Neil asked this question on our forum, so physicist Jess Wade explained...

Jess - Yeah. This is a really cool question. I think when you just ask it, you think, yeah, of course light can do that. It reflects it, it refracts, it does all of those things. But then if we think about light in terms of its kind of quantum state, we think about these little packets of photons, which I guess Neil might've heard of, people listening to this, might've heard of these photons. They carry force and they like to interact with things that have a charge. So photons can collide with each other, pass through with each other. They won't interact with one another because they don't have a charge. The only way you can make a photon interact with another photon is by it spontaneously degenerating into different kinds of quantum particles. And this can happen. It's super, super rare, unsurprisingly, which is why we don't talk about it all the time, but a photon can exist and spontaneously become an electron and an antielectron. And then one of those antielectrons can interact with an electron from another photon and combine to give out light. And in that way, two photons can interact, but it's super rare.

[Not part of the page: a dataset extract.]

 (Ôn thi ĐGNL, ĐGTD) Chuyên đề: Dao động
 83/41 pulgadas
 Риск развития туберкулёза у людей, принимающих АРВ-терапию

Chris - Well If I shine two light waves towards each other, then they can meet and if you've got two waves and they line up, you'll get a bright spot. And if you have them going where one's going up at that moment and one's going down, they cancel each other out. So why are they adding together then under those circumstances to make that bright spot?

Jess - This is kind of the weird and beautiful thing and you have to do a course in quantum physics to get the full interest of it and extremes. But when we think of the wave theory of light and the way that the peak of one wave can meet the trough of another wave or two peaks can interact. Yeah, we can think about amplitudes coupling and increasing like that. But when we think about the particle nature of light, the photon, the quantum nature of light, it's really, really hard to imagine a situation where two photons could interact and add up in the way that we see it in the wave theory.

Chris - So in other words, when we see the light as a bit brighter, where two light waves have coincided, is that just because I'm seeing the effect of one and I'm seeing the effect of the other, they don't necessarily need to know each other exists. They're not knowingly adding each other together. And that's why they can then carry on on their merry way afterwards. Having not, in other words, changed each other at all.

Jess - Exactly that, they don't know that the other one is there.

Chris - So if I did have a very bright laser and I find it at you, and you had an equivalently bright laser with all the light waves lining up exactly, could I bounce my light laser off of yours? Would I even know that the two had bounced off each other?

Jess - I think it'd be incredibly hard to prove that it's happened. We have shown in some cases that it's happened, so it's happened in a few different experiments all around the world. Really, really hard to get it right. Really hard to align everything as anyone with an optics lab will tell you, but also really, really hard to measure it, to know that you've done it. But yes, if we did it, I'm sure it would happen a few times. We just haven't come up with sophisticated enough technology to be able to interpret that yet.